Esta tença vigorava a partir de 1 de Janeiro de 1498 e andaria sempre com o castelo e rendas dele, assim e na maneira que a dita judiaria sempre andou, sendo assentada e paga pelas sizas da dicta vila de Covilhã, do corpo da vila; será paga aos quartéis do ano, pelo almoxarifado da Guarda.
 c) Monsanto: 5.760 rs. “ a dona Johanna de Castro cinco mjll e sete centos e sassenta rrs. de juro e herdade em satisfaçam da rremda que rremdiam hos judeus da villa de momsamto “ (carta régia : Sintra, a 8 de Agosto de 1499 - fls 107 vº, Lº 5º dos Místicos).
- Não faz o documento que comentamos qualquer referência à judiaria ou mouraria em Penamacor, Idanha, Belmonte, Valhelhas, Manteigas e Rosmaninhal, quando é certo que anos depois vamos encontrar uma grande percentagem de cristãos novos entre os habitantes das três primeiras vilas e ainda no século XV temos notícia de alguns judeus que as habitaram.
            Delas citaremos apenas o tecelão Mail Levy, que alcançou carta de privilégio de El Rei D. Afonso V, dada na Covilhã a 2 de Novembro de 1453. (Chancelaria de D. Afonso V, Lº 4, fls 38 vº).
            Na chancelaria de D. João I há um documento referente à comuna dos judeus de Penamacor.
            Em Sortelha e Proença não existiam judiarias, porque o declara expressamente a diligência presente.

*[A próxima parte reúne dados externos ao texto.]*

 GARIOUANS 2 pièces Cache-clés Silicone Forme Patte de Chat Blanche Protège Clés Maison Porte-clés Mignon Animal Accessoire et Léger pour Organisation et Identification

Ficam assim determinadas e conhecidas as judiarias da Covilhã, Monsanto, Castelo Branco, S. Vicente da Beira e Salvaterra. (1)

- Sizão dos Judeus: D. Manuel, em satisfação das rendas de sizão dos judeus que havia nestes reinos, deu a D. Antam d’ Abranches, um padrão de 400.000 rs. de tença, para ele e para um seu filho, por carta de Lisboa, a 18 de Abril de 1504. (Lº 2º dos Místicos, fls 278)
             Da mesma carta consta que a outra doação do Sizão já fora feita a D. Fernando de Almada, por D. Afonso V, em Arronches, a 10 de Maio de 1475. Esta doação de D. Afonso V, foi confirmada por D. João II em Beja, a 24 de Março de 1489. ( Lº 2º dos Místicos, fls 189 ) Mas a renda do sizão dos judeus do reino estava já anteriormente na posse dos Condes de Abranches, pois D. Álvaro, que morreu com o Infante D. Pedro em Alfarrobeira, também tivera essa mercê, conforme se verifica da doação que D. Afonso V fez dela a D. Catarina de Castro, viúva do mesmo conde, em Lisboa, a 22 de Julho de 1449. (Lº 2º dos Místicos, fls 111)

- Escrivaninhas das Câmaras das Comunas dos Judeus: Não refere o documento que estamos a comentar o rendimento das Escrivaninhas das Câmaras das Comunas dos Judeus, embora refira, quanto à Covilhã, a existência dos respectivos ofícios e seus titulares. Sabemos porém que o rendimento das escrivaninhas em todo o reino, era de 12.000 Rs. e era seu donatário Aires da Cunha, a quem D. Manuel, em Lisboa, por carta de 21 de Março de 1499, confere um padrão de tença dessa quantia, em satisfação das mesmas, para receber a partir de 1 de Janeiro de 1500, porque foi o que se achou, por “masa” de três anos, renderem em cada um ano. (Lº 4º dos Místicos, fls 70 e 70 vº)

Nota dos editores – 1) Já tocámos neste assunto em episódios anteriores. 2)Vamos publicar documentos relacionados com o senhorio da Covilhã.